Les critiques concernant l’exercice des blogs citoyens (à travers Bandolais.fr) n’ont pas manqué ces temps-ci (remonter les articles et leurs commentaires sur les dernières semaines pour voir à quoi je fais référence). J’avais différé certaines réponses et voici celle que j’avais promise à mon ami Christian DELAUD tant les termes employés m’ont paru inhabituellement exagérés: je l’apprécie justement pour sa capacité d’argumentation et sa résistance à l’imprécation facile. Je cite le passage auquel je souhaite répondre en élargissant la réflexion à l’ambiance politique locale (et je mets en gras les points inacceptables pour moi):
« Mais quand un blog citoyen se transfome en officine de lynchage des élus cela me ramène au temps du mouvement poujadiste dont l’un de ses députés a bâti l’idéologie de son parti sur la critique systématique des élus. »
Christian, même si je comprends ton souhait de voir s’élever le débat, mettre du poujadisme dans ta critique de ce qui se dit sur mon blog me choque:

  • traiter les gens qui prennent la parole pour dire quand ils ne sont pas d’accord avec les élus ou leurs façons (ou dénoncent d’authentiques abus), de poujadistes, c’est tenter de discréditer TOUTE critique. Or au moins pour ma part, et pour une bonne part des commentateurs qui prennent la peine de s’exprimer ici, je considère qu’il y a des arguments à l’appui de ces critiques, ou simplement des faits observables, et pour lesquels une opinion contradictoire est respectable. Lâcher « poujadisme », c’est rejeter en bloc la critique, faire du corporatisme (on a vu mieux) comme système de défense des élus (chez qui il y a peu ou prou autant de criticables que dans le reste de la population et de ses sous-catégories sociales ou professionnelles). Les élus ne sont pas meilleurs que la population dont ils sont issus, et doivent faire preuve d’humilité en entendant la critique lorsqu’elle est argumentée: pas d’anathème car c’est justement ce que tu reproches aux pseudo-poujadistes!
  • face à la dsicipline (que tu approuves) d’une majorité municipale qui fait bloc et au sein de laquelle aucune critique ou presque ne peut trouver d’expression publique, je sais que même des proches de la Marie, voire des conseillers municipaux de la majorité, sont parfois soulagés que ce qu’ils ne peuvent pas dire, soit dit. On n’est pas dans le poujadisme, mais dans la soupape de sécurité.
  • « poujadisme » c’est tenter de nous faire assumer un discours de type « tous pourris », or je ne le pense pas, et crois en la vertu de beaucoup, dont la tienne. Mais il n’y a aucune raison technique à ne pas donner l’information aux contribuables/électeurs de nos jours. Ca demande seulement de la volonté, une culture de la transparence qui à aujourd’hui n’est pas celle des politiques français (et bandolais).
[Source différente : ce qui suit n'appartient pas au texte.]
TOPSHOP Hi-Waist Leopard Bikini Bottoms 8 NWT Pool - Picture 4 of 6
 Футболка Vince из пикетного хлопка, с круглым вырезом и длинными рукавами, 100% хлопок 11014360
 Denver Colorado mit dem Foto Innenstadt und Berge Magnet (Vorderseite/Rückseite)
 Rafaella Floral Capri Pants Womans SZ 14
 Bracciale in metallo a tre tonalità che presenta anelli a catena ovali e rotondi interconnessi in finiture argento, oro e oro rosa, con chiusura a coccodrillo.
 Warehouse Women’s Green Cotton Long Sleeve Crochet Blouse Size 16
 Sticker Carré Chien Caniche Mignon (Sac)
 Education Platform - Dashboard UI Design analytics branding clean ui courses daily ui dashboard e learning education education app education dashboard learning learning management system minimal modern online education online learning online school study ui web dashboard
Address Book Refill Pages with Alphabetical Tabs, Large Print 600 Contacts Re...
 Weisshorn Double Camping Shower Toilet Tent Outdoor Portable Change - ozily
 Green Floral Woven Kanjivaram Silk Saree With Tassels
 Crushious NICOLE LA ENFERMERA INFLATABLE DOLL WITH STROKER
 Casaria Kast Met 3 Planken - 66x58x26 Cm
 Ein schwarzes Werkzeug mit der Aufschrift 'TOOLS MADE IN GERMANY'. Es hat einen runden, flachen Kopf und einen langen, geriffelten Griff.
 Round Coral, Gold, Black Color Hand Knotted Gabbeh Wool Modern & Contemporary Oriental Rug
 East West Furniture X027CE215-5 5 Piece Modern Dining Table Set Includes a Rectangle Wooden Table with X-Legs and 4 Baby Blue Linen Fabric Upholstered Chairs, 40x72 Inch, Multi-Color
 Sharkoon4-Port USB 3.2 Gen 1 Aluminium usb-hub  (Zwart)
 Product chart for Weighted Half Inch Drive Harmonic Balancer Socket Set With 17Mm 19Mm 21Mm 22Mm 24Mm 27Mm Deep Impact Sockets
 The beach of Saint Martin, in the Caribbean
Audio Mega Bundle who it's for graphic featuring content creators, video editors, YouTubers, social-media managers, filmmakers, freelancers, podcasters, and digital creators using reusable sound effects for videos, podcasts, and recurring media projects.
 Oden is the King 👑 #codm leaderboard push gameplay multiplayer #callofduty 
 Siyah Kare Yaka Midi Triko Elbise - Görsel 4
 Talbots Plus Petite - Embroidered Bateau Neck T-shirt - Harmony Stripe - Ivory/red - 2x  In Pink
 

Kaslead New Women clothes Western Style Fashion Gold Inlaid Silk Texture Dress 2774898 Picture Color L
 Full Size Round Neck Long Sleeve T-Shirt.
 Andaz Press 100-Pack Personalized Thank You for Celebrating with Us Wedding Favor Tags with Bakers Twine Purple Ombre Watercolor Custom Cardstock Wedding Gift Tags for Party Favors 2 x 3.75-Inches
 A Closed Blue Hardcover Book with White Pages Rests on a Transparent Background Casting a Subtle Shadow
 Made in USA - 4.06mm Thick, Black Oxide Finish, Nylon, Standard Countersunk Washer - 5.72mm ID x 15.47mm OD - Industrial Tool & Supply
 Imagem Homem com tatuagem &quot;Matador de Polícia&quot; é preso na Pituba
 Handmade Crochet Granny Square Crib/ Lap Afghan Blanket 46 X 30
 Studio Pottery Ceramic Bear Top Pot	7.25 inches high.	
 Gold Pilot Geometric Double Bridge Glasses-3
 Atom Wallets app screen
La critique si fréquente au point que toi ou Pierre OLIVIER la trouviez trop systématique prend sa source dans l’opacité actuelle du système, qu’il serait possible et raisonnable de casser au XXIème siècle.
  • « poujadisme » sous-tend aussi comme tu le rappelles, la construction d’une démarche politique visant à prendre le/du pouvoir par la critique systématique des élus « installés ». Introduire cette notion autour d’un blog qui affiche son absence d’ambition politique (je reste candidat à rien), c’est un peu fort de café. Il ne faut pas confondre l’exaspération légitime des citoyens face aux trop nombreux comportements d’élus qui justifient des critiques, avec une démarche politique de lutte pour le pouvoir. Je ne suis pas naïf au point de penser que certains commentateurs n’en profitent pas pour fragiliser les élus rivaux (de leurs favoris), mais regarde la politique nationale: le spectacle des partis dans les médias, ou simplement à l’Assemblée Nationale n’est pas fait pour que les gens engagés en politique puissent venir donner des leçons sur la forme du discours aux citoyens qui s’expriment (et Pierre OLIVIER appréciera que ce reproche s’applique par les temps qui courent aussi bien à Brice HORTEFEUX (qui vient d’être condamné) Frédéric LEFEBVRE ou Xavier BERTRAND et l’UMP, qu’à Martine AUBRY et le PS dont les récentes analogies utilisées étaient pour le moins audacieuses).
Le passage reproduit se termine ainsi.